HDFs system architecture Diagram level analysis
Hadoop Distributed File System (HDFS): Distributed File systems
* Distributed applications mainly from the schema: Master node Namenode (one) from the node: Datenode (multiple)
*HDFS Service Components: Namenode,datanode,secondarynamenode
*HDFS storage: Files stored on HDFs are stored as blocks, and the default block size in the hadoop2.x version is 128M.
HDFs Service function
*namenode: Master node, storage file metadata (filename, file directory structure, file attributes (build time, number of replicas, file permissions, etc.)
, and the block list of each file and the Datanode of the block.
*datanode: Stores file data in the local file system, as well as checksum of block data (length, creation time, CRC32 checksum).
*secondary Namenode: A secondary daemon used to monitor the HDFS state to obtain a snapshot of the HDFs metadata at intervals. Periodically merges Namenode's mirrored and edited log files into a single file called a new mirrored file.
*************************************************************
There are two basic components in HDFs
is made up of ' one Namenode server and multiple Datanode servers '
A) Namenode: Name node that is used to store meta data (help you quickly find blocks, that is, data blocks are mapped)

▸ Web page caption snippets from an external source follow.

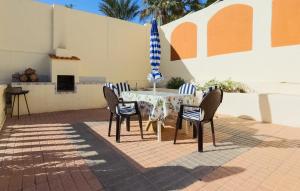 パロス岬にあるStunning Home In Cabo De Palos With Wifiのテーブル(椅子付)、青と白の傘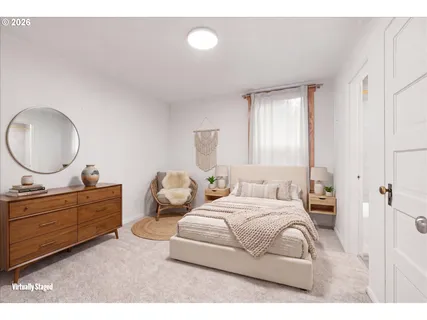 a bedroom with a bed and a dresser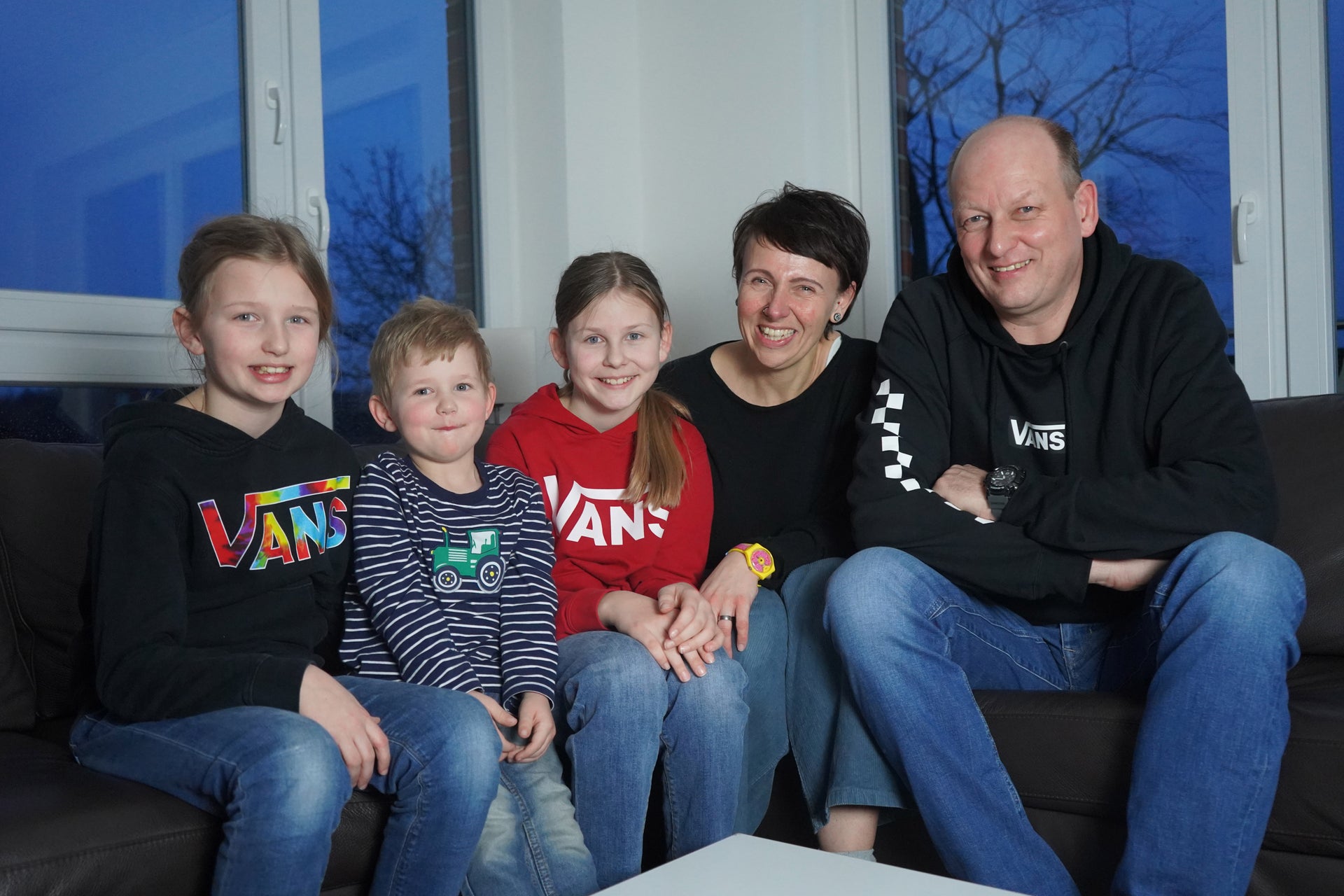 eine Familie sitzt auf einer Couch und posiert für ein Foto, alle lächeln eine Familie sitzt auf einer Couch und posiert für ein Foto, alle lächeln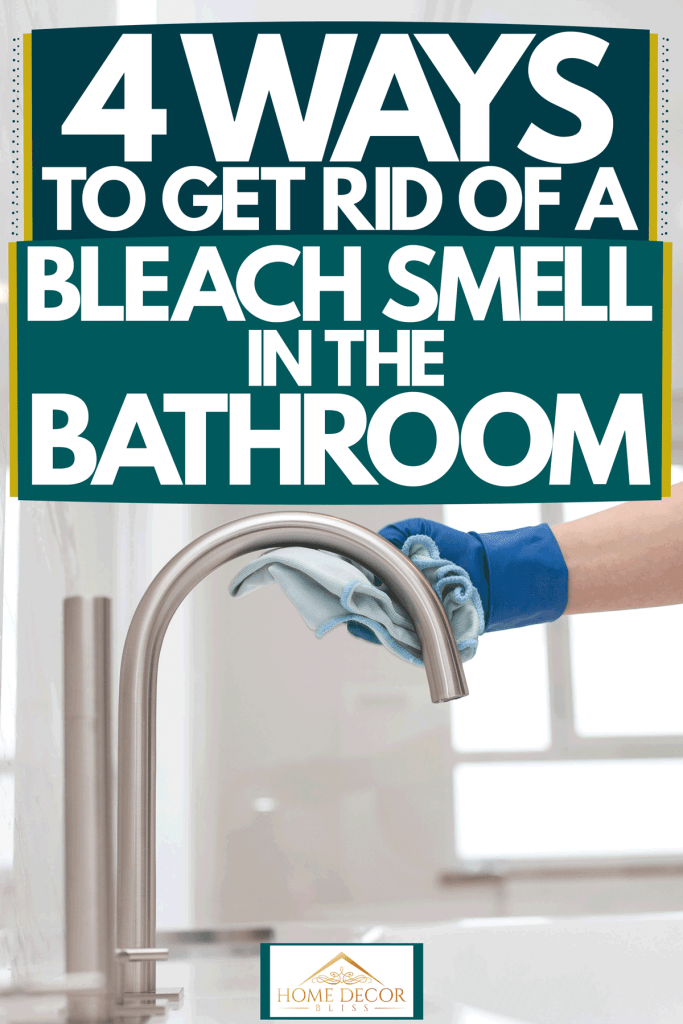 A woman wearing gloves and cleaning her modern bathroom, 4 Ways To Get Rid Of A Bleach Smell In The Bathroom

HDFs Storage: (Block operation) is a file logically divided into blocks, Mody a block the default storage is 128M, the blocks are stored in sequence to a different Datanode server, each datanode stored on which blocks are recorded on the Namenode, Read the time is also the first to access Namenode, (Namenode on behalf of each group of access) through the Namenode to find the corresponding block file, Namenode is actually stored in the corresponding relationship meta data.
B) Datanode: Data nodes, used to store real data.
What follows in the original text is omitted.